Parameters identifiability. Standard errors can be computed from this statistics’ covariance matrix, given by80:

$$Cov=\hat{\sigma }{(J{(\hat{\theta })}^{T}J(\hat{\theta }))}^{-1},$$

where \(J(\hat{\theta })\) is the jacobian matrix of the model (with respect to the parameter vector θ) at all time points and all sizes, evaluated at the optimal parameter \(\hat{\theta }\) and \(\hat{\sigma }\) is the a posteriori estimate of σ given by

$$\hat{\sigma }=\frac{1}{N-P}l(\hat{\theta })$$

with N the total number of data points and P the number of free parameters.

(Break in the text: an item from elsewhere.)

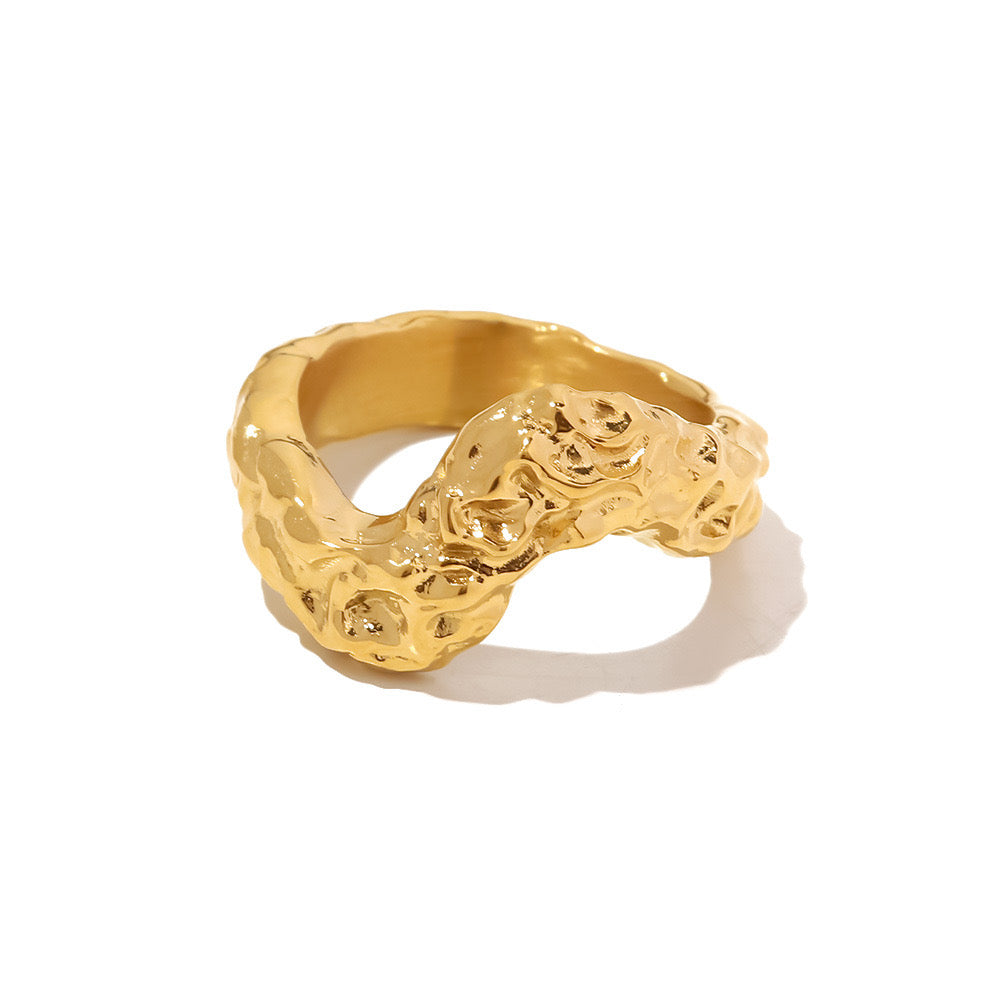 Stephanie melting wave ring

Using the standard errors as an identifiability metric, we repeatedly observed a lack of identifiability of parameters μ and γ when fitted together. Indeed, standard errors for μ and γ were larger than 200% when fitting the basic model to the data. Further investigation of the shape of the objective function confirmed this lack of idenfiability (Fig. S7). To address this issue, we only considered a finite set of relevant possible values for γ and only optimized the value of μ. These values were \((0,0.4,0.5,\frac{2}{3},1)\) and corresponding initial conditions for μ were \(({10}^{-3},{10}^{-5},{10}^{-8},{10}^{-9},{10}^{-12})\). When more parameters were let free in the model (delay td or dormancy period \(\tau \)), we generated 4 × 4 parameters grids for initial conditions (with \({t}_{d}\in \{0,500,1700,2000\}\) or \(\tau \in \{0,50,100,350\}\)). Of these 16 optimization problems, the one with the minimal value of l at convergence was selected.